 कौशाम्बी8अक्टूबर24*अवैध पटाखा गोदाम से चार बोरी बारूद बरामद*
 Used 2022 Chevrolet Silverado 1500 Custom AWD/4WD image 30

--

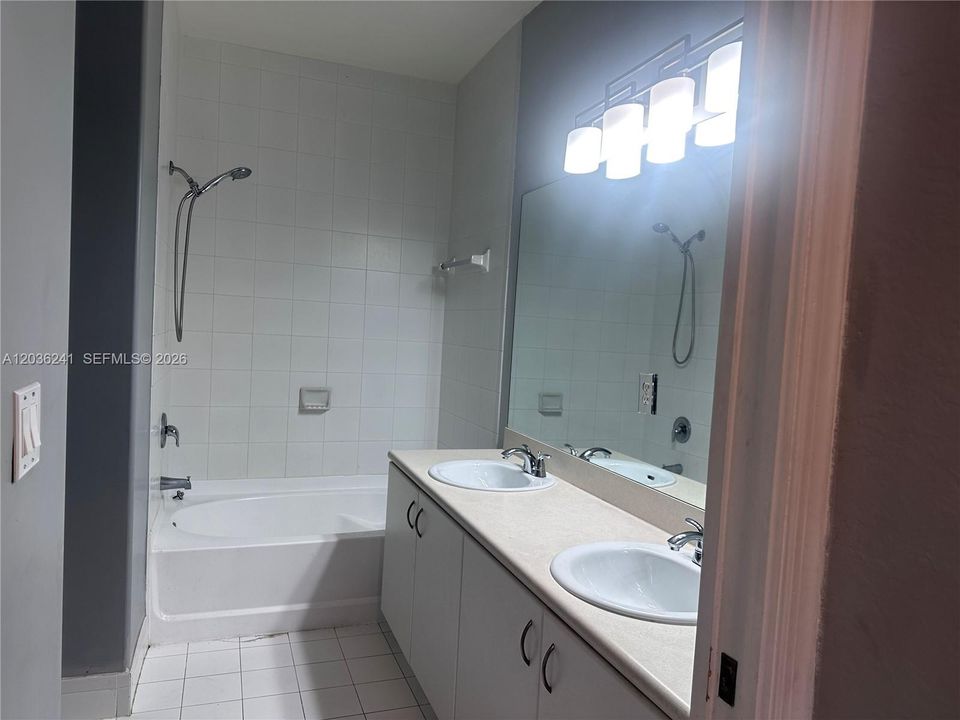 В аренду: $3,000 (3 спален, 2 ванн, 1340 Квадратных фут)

...

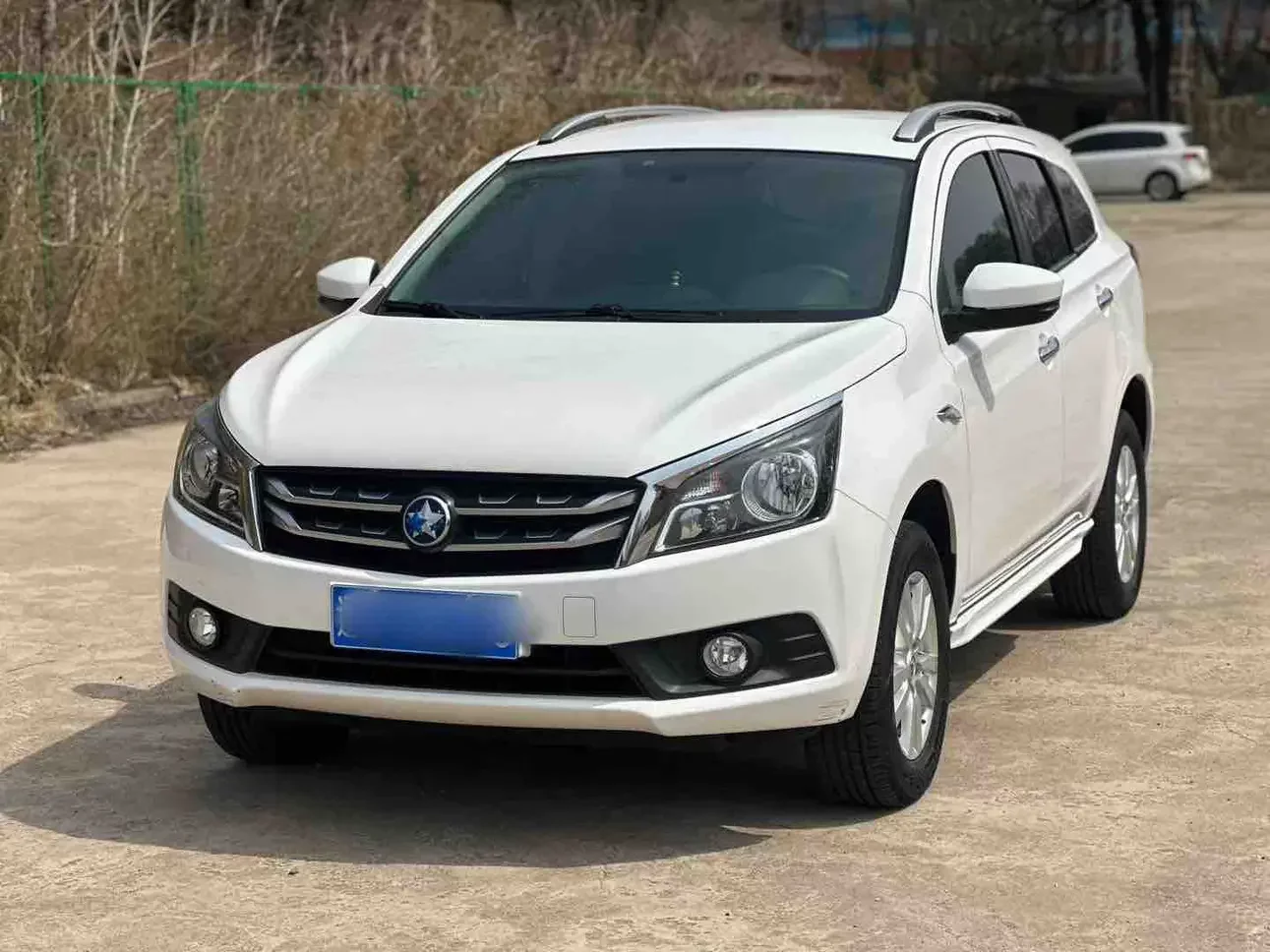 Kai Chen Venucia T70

▶ What needs to be done:
Using the entries above, give back exactly the line containing "कौशाम्बी8अक्टूबर24*अवैध पटाखा गोदाम", the line containing "Used 2022 Chevrolet", and every line between them, and nothing else.

▶ Expected answer:
 कौशाम्बी8अक्टूबर24*अवैध पटाखा गोदाम से चार बोरी बारूद बरामद*
 Used 2022 Chevrolet Silverado 1500 Custom AWD/4WD image 30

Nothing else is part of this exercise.